High LH levels with corresponding low FSH values is indicative of polycystic ovarian disease. This was not observed in the population studied, it is advisable to evaluate serum estradiol in polycystic ovarian disease for effective diagnosis. Luteal phase deficiency was found in 12.8% of the study group who had hyperprolactinaemia but normal FSH, LH and low progesterone levels. This may be due to defective progesterone secretion by luteal cells. Other investigators15 had reported that 19% fertile women have occasional cycles that display luteal phase deficiency, only those individuals who have recurrent abnormalities should be treated.

The endometrial biopsy showed that the endometrial secretory pattern lagged behind the chronological menstrual age by over 72hours.

Hyperprolactinaemia was seen in 8.5% of the total number of subjects evaluated. But it accounted for 48% of all subjects with abnormal hormonal levels. Whereas 37% was recorded in Lagos, Nigeria, 13 33% was reported in Maiduguri and 31.6% was reported in Egypt, North Africa. 7 The mechanism by which hyperprolactinaemia leads to menstrual disorders and infertility have been described by several investigators.16, 17 It is important to mention that studies have shown that increased prolactin may render the ovary less responsive to the effects of gonadotropin given exogenously to induce ovulation.
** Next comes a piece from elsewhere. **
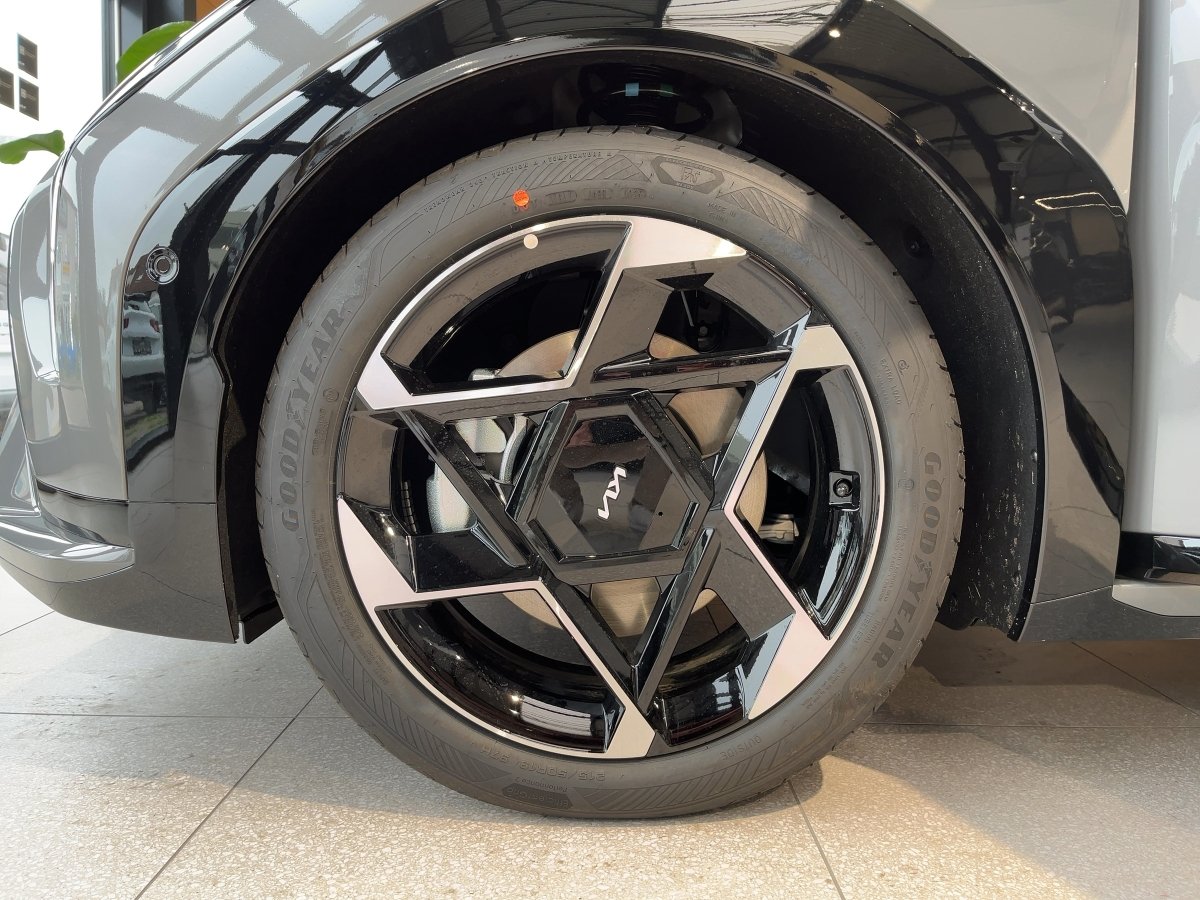 Kia EV4 Fastback – Bild 12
Similarly, in animals, high levels of prolactin can directly inhibit ovulation. It has been demonstrated that hyperprolactinaemia severely curtails or even abolishes gonadotropin pulsatility. 18 Although the manner in which prolactin weakens gonadotropin releasing hormone (GnRH) neural output is not clear, it is possible that prolactin excess enhances (via short loop feedback) hypothalamic dopamine turn over and that increased levels of dopamine in turn inhibit GnRH synthesis and/or release.1 

Endometritis is known to cause infertility either by disturbing the cyclic endometrial rhythm or as a result of the accompanying tubal inflammation and secondary anatomical abnormalities which are always present. 19 Endometrial inflammation was present in 8.4% of the study population. This finding is in agreement with that of Ojo et al19 which observed 10.6% in Ife, south Western Nigeria. The causes of inflammation in these women mainly from the subpopulation with normal hormonal levels is not clear, but may be due largely to infections of the genital tract. Mycoplasma, chlamydiaeand bacterial infections are recognized as the major causes of endometritis in infertile women. 4, 19, 20 

This study shows that hormonal abnormalities were present in 17.8% (n – 98)  of infertile women and 48% of those with abnormal hormone levels had increased levels of prolactin. The endometrial biopsies of the patients compared favourably well with hormonal evaluations. For effective diagnosis of the causes of infertility in women, endometrium biopsy study will still be complimentary to hormonal evaluations especially in Africa where infection are known to contribute to infertility.

Acknowledgements

We acknowledge the contributions of all staff of the fertility clinic, chemical pathology and histopathology departments of Aminu Kano Teaching Hospital toward the success of this work.